Image-centric engagement demands not only smarter brand visuals in social spaces but also creates a need for a strong visual story. The big idea and a high production campaign might affect brand perception, but it’s the thoughtful, sincere and consistent visual story dispersed socially that builds a relationship. Serious investments are needed to ensure that a systematic, consistent collection of brand-relevant visuals is regularly dispersed to where customers are. While that may seem like a daunting challenge, there is a huge payoff to visual storytelling when executed in the right way.
A few steps to get there:
1. Understand Your Unique Story.
Herein lies a much larger, more prevalent issue seen with client after client. What is the purpose of the brand? Look beyond what you make or sell, and ask: Why do you exist? What is the higher purpose for customers to believe in? Now you have your story. If you haven’t seen Simon Sinek’s “Start With Why,” begin there.

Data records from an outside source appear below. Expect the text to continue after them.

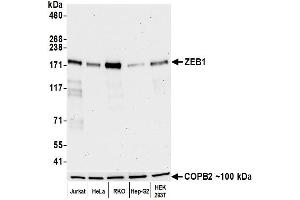 Western Blotting (WB) image for anti-Zinc Finger E-Box Binding Homeobox 1 (ZEB1) (AA 750-800) antibody (ABIN7455173) (Rekombinanter ZEB1 Antikörper  (AA 750-800))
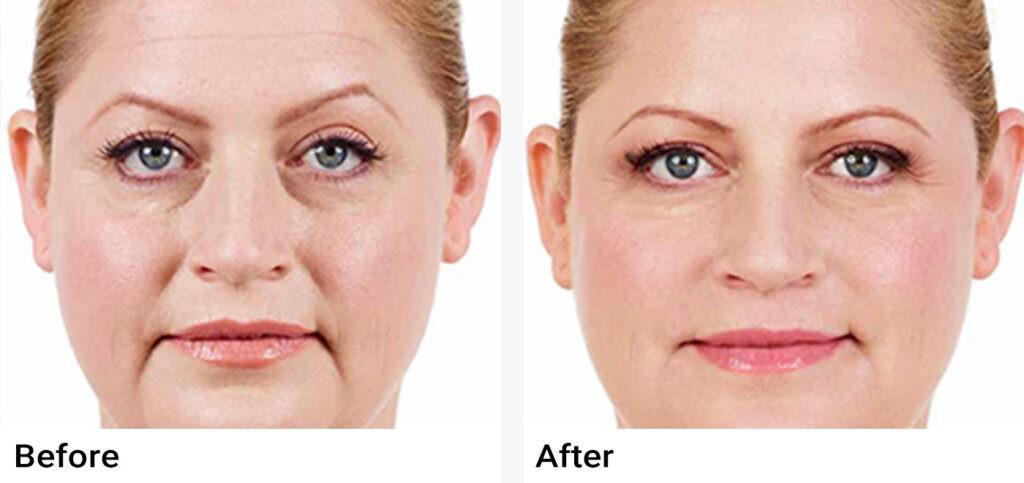 JUVÉDERM® Before & After Examples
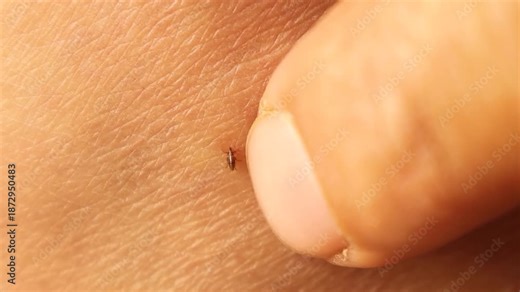 Macro stubborn flea biting human skin and sucking blood, refusing to detach when pushed by a finger. Powerful visual for zoonotic diseases, flea-borne infections, parasitology, dermatology and health.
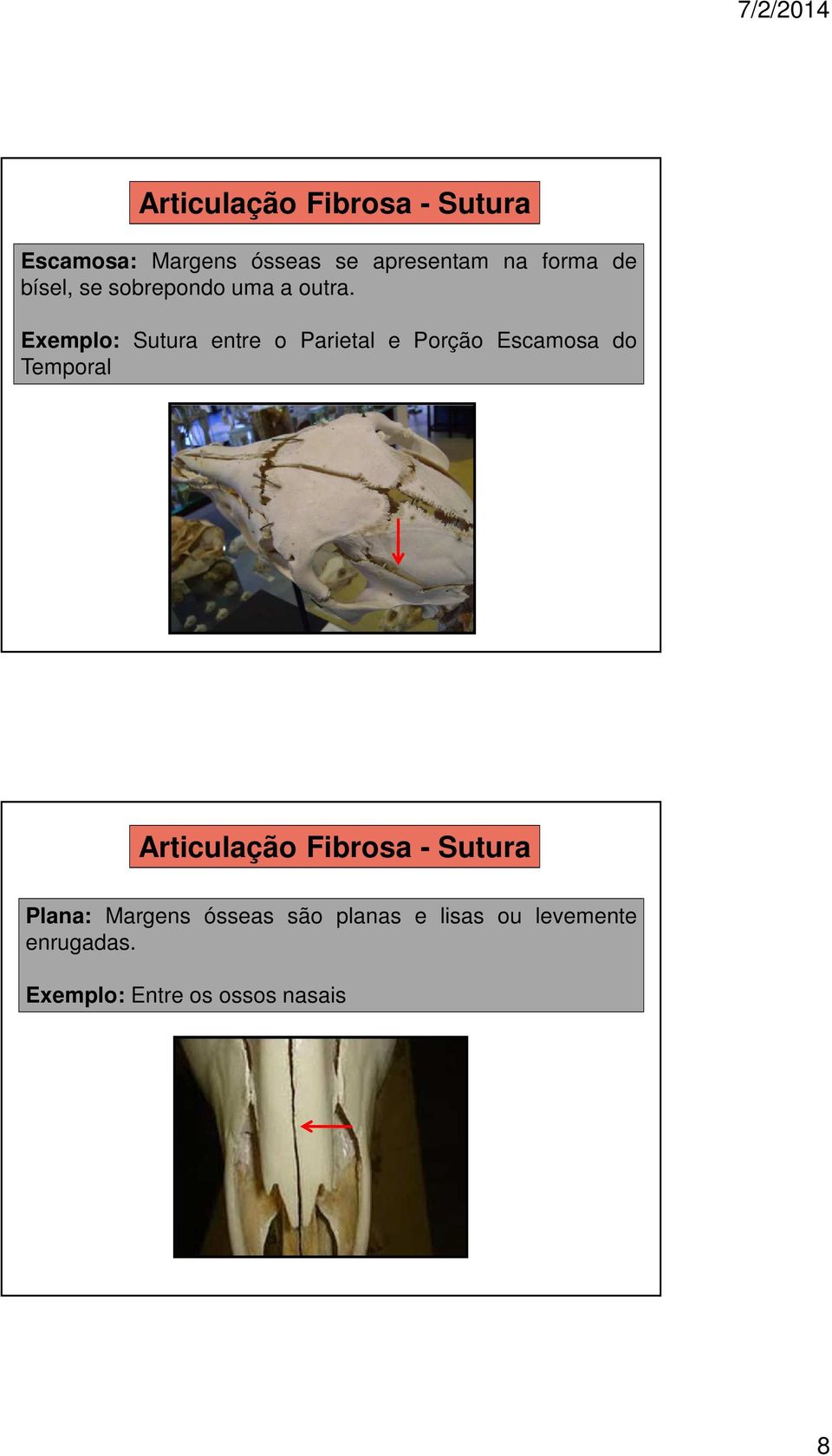 Exemplo: Sutura entre o Parietal e Porção Escamosa do Temporal Articulação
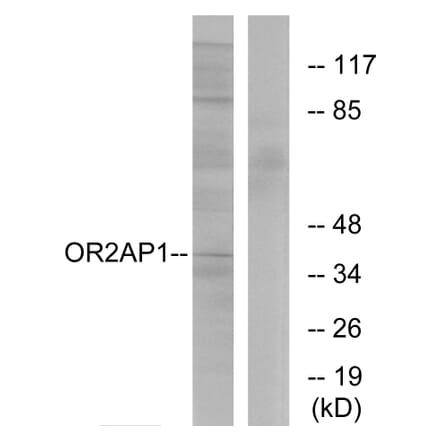 Western Blot - Anti-OR2AP1 Antibody (G435) - Antibodies.com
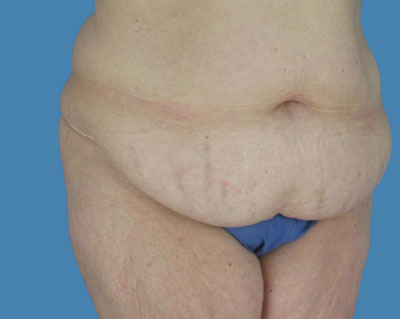 Lipotuck Before & After Patient #1049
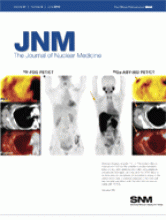 Journal of Nuclear Medicine: 51 (6)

Giving the summer intern a camera phone to own your social storytelling should be a federal crime. How ironic it is to spend millions on paid media but then lose out on the opportunity to tell stronger stories through images within more intimate social spaces.
3. Quality. Consistency. Cadence.
Take a queue from any professional storyteller (yes, people get paid to do such things), and you will understand the importance of a well-thought-out story in not only its thoughtful substance but also in terms of timing the delivery.
Then, let the pictures do the talking.